The officials acknowledged that aiding activists and dissidents in
Iran may be difficult and could expose them to retribution, so they
said the aid will probably be provided without much fanfare.

At the hearing, Rice won bipartisan praise for her handling of
negotiations on Iran's nuclear programs, but lawmakers from both
parties raised objections to the overall thrust of the
administration's Middle East policy. At one point, Sen. Lincoln D.

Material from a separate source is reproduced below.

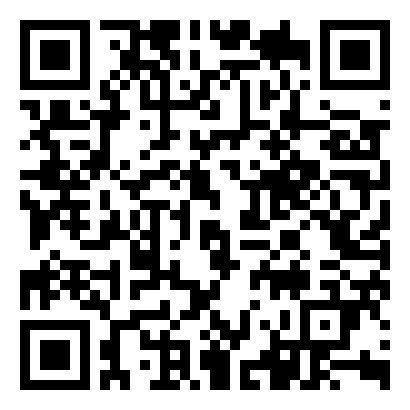 移动端二维码 - 兴宁市石马镇的温锡泉寻找揭阳市曲奚镇蟠龙乡第一队黄屋的姐姐温亚桂 - 枣庄生活社区 - 枣庄28生活网 zaozhuang.28life.com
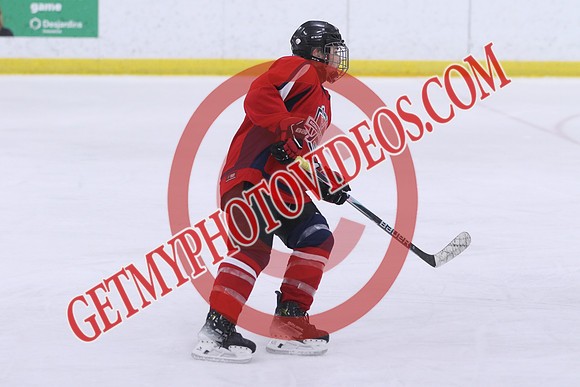 20260502-28662_2 20 pm - U15 - Rona Lalonde Select vs Ottawa Heat - CUPE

Chafee (R-R.I.) blamed the administration for the victory of Hamas in
last month's Palestinian legislative elections. "The whole year, 2005,
nothing was done, opportunities missed, and now we have a very, very
disastrous situation of a terrorist organization winning an election,"
Chafee asserted.

Rice acknowledged the victory of Hamas is "a difficult moment" in the
Israeli-Palestinian peace process, but she said it was due to a
backlash against the ruling party, not a failure of U.S. policy.